Whisper icon indicating copy to clipboard operation
Whisper copied to clipboard

Can you add a function to transcribe multiple files or even transcribe entire folder?

Open kiron111 opened this issue 1 year ago • 17 comments

Because I have to transcribe multiple audio/ video files each time, it's not so convenient to click and wait a file to finish.

Thank you for your development of such a great software!!!

kiron111 avatar Mar 18 '23 19:03 kiron111

Right! I just wanted to post that, found you just issued that!

If GUI multiple file function is not easy, command line usage is also a good alternative, so that users can write scripts to use it (handling multiple files by order).

HaujetZhao avatar Mar 18 '23 20:03 HaujetZhao

@kiron111 I think you can do that with the new PowerShell wrapper. Here’s how.

  1. Create the folder %USERPROFILE%\Documents\WindowsPowerShell\Modules
  2. Download WhisperPS.zip from releases, extract ZIP into that folder
  3. Launch PowerShell. Run following commands to transcribe all mp3 and m4a into text files without timestamps:
Import-Module WhisperPS -DisableNameChecking
$Model = Import-WhisperModel D:\Data\Whisper\ggml-medium.bin
cd <directory where you have input files>
dir * -include *.mp3, *.m4a | Transcribe-File $Model | foreach { $_ | Export-Text ($_.SourceName + ".txt") }

Replace D:\Data\Whisper\ggml-medium.bin with the path to the model file, and <directory where you have input files> with the input directory.

I think scripting is generally better way to accomplish such tasks, because allows to do more than just transcribing folders. For instance, can transcribe same files with multiple models and compare, export multiple formats for each source file, generate output file names with custom algorithms…

More information about the PowerShell module.

Const-me avatar Mar 18 '23 20:03 Const-me

i just wrote something for that, https://github.com/tigros/Whisperer hopefully you have NVidia card though. ran it overnight seems ok.

tigros avatar Mar 19 '23 01:03 tigros

Thanks for those commented above!!!

I just have a AMD gpu, but I will try out each method mentioned above.

Hope I could work it out.

kiron111 avatar Mar 20 '23 08:03 kiron111

I am using Win11, the Powershell module directory seems not same as you wrote. Even I googled to find other alternative directory, it failed.

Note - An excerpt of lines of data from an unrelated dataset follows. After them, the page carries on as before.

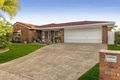 Property photo of 10 Dewsbury Street Middle Park QLD 4074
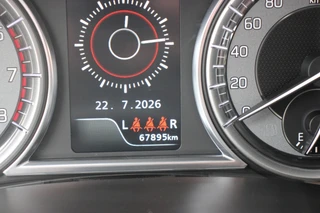 Suzuki Vitara – thumbnail 26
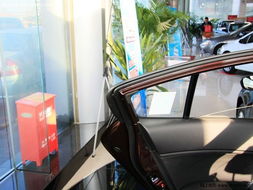 內蒙古祥達汽車銷售服務有限責任公司 專業皮卡汽車銷售服務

Then I install the Powershell 7 from Microsoft, I can easily located the module directory (i.e "C:\Program Files\PowerShell\7\Modules")

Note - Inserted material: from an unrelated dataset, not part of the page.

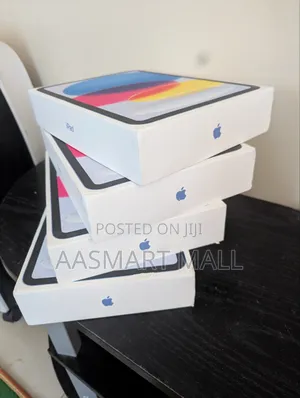Apple iPad 10.2 (2019) 32GB Gray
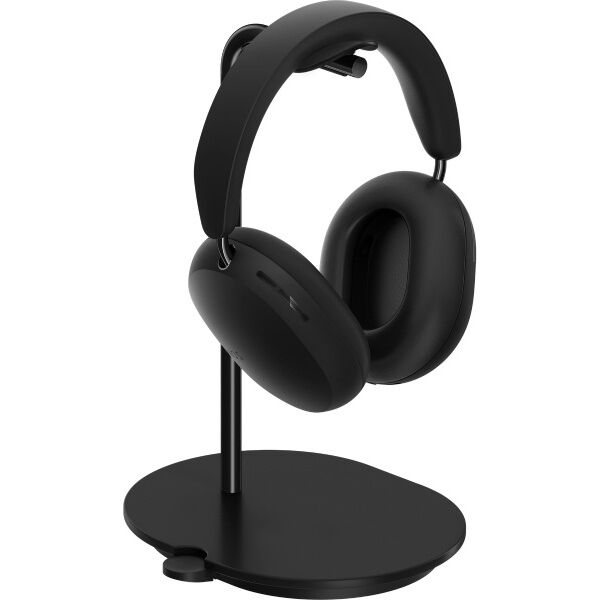 Подставка для Sonos Ace Sanus (Black), Цвет: Black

Finally it works, thanks!!!!! 👍 💯

kiron111 avatar Mar 20 '23 09:03 kiron111

i just wrote something for that, https://github.com/tigros/Whisperer hopefully you have NVidia card though. ran it overnight seems ok.

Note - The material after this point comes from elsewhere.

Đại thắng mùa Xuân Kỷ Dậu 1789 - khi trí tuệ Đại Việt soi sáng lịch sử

Errors occur for AMD gpu :-(

kiron111 avatar Mar 20 '23 09:03 kiron111

@kiron111 I think you can do that with the new PowerShell wrapper. Here’s how.

  1. Create the folder %USERPROFILE%\Documents\WindowsPowerShell\Modules
  2. Download WhisperPS.zip from releases, extract ZIP into that folder
  3. Launch PowerShell. Run following commands to transcribe all mp3 and m4a into text files without timestamps:
Import-Module WhisperPS -DisableNameChecking
$Model = Import-WhisperModel D:\Data\Whisper\ggml-medium.bin
cd <directory where you have input files>
dir * -include *.mp3, *.m4a | Transcribe-File $Model | foreach { $_ | Export-Text ($_.SourceName + ".txt") }

Replace D:\Data\Whisper\ggml-medium.bin with the path to the model file, and <directory where you have input files> with the input directory.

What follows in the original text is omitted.